National Enquirer Parent Company Settled With Feds Over Payment To Alleged Trump Mistress
Prosecutors in New York revealed Wednesday that they reached a “non-prosecution agreement” with American Media Inc., the parent company of the National Enquirer, over a $150,000 payment made to a woman who claimed she had an affair with President Donald Trump.
“As a part of the agreement, AMI admitted that it made the $150,000 payment in concert with a candidate’s presidential campaign, and in order to ensure that the woman did not publicize damaging allegations about the candidate before the 2016 presidential election,” prosecutors revealed in a Department of Justice press release following the sentencing of Michael Cohen, the former Trump attorney who helped orchestrate the payoff.

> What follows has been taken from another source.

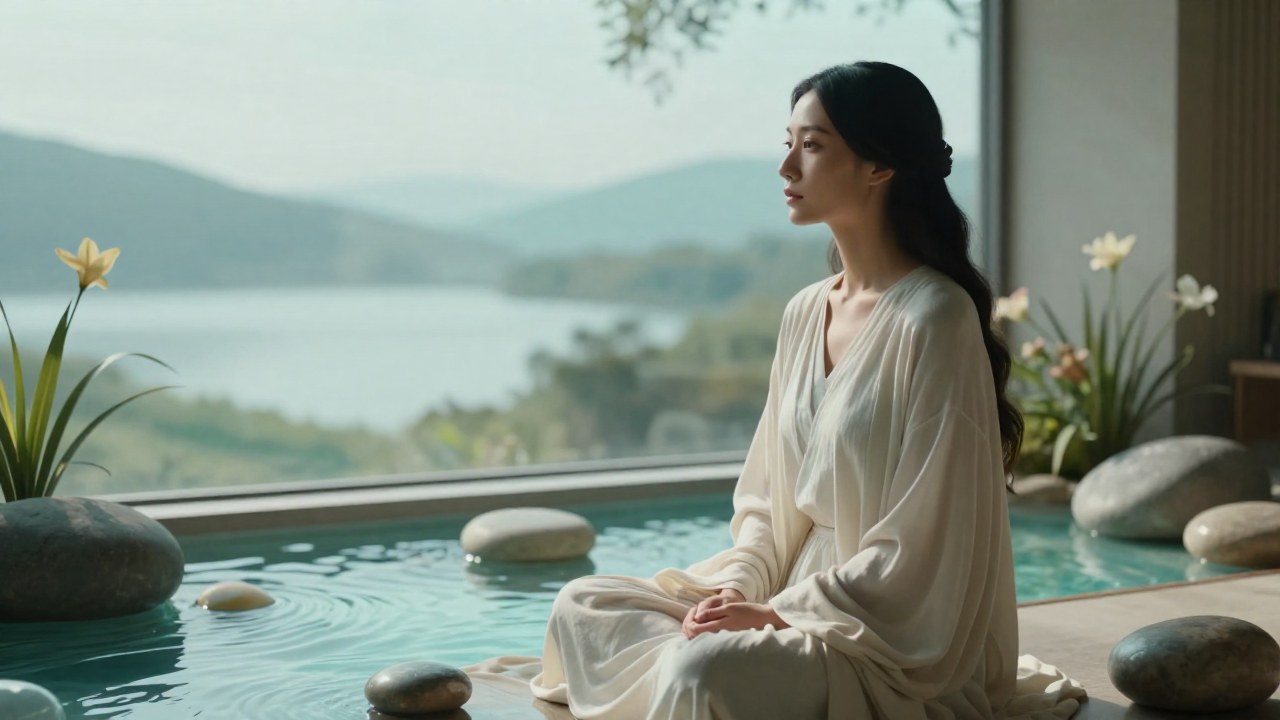 Mujer contemplativa en un espacio minimalista rodeada de elementos naturales como piedras y agua.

As has been reported, Cohen negotiated with AMI executives during the 2016 presidential campaign to pay $150,000 to Karen McDougal, a Playboy playmate who claims she had an affair with Trump.
Cohen was sentenced Wednesday to three years in prison for tax evasion, bank fraud and making illegal campaign contributions related a payment made to another alleged Trump mistress: Stormy Daniels.
The former Trump fixer pleaded guilty to the charges on Aug. 21. The illegal campaign contribution charge was for a $130,000 payment that Cohen made in October 2016 to Daniels, a porn star who claims she had an affair with Trump in 2006.
Cohen acknowledged that he made the payment to Daniels through a shell company, and that he orchestrated the scheme on the instruction of Trump.
Trump downplayed the Daniels payment in an interview Tuesday with Reuters.
“Number one, it wasn’t a campaign contribution,” Trump said. “If it were, it’s only civil, and even if it’s only civil, there was no violation based on what we did. OK?”
Cohen did not pay off McDougal, as he did with Daniels, though he did set up a shell company after discussing the matter with AMI executives, including its chairman, David Pecker.
Pecker reportedly received immunity in discussions with prosecutors investigating the McDougal payment.
Prosecutors revealed Wednesday that AMI admitted that the “principal purpose” in making the payment to McDougal “was to suppress the woman’s story so as to prevent it from influencing the election.”
Prosecutors acknowledged AMI’s “substantial and important assistance” in its investigation.
Prosecutors said in a court filing on Dec. 7 that Pecker met with Cohen and Trump in August 2014 and “offered to help deal with negative stories about [Trump’s] relationships with women by identifying such stories so that they could be purchased and ‘killed.’”
After an editor at National Enquirer contacted Pecker and told him about McDougal’s story and then contacted Cohen to inform him about an offer to purchase her story for $150,000.
“At Cohen’s urging and with his promise that Corporation-1 would be reimbursed, Editor-1 began negotiating the purchase of Woman-1’s story,” reads the memo.
AMI entered an agreement with McDougal on Aug. 5, 2016.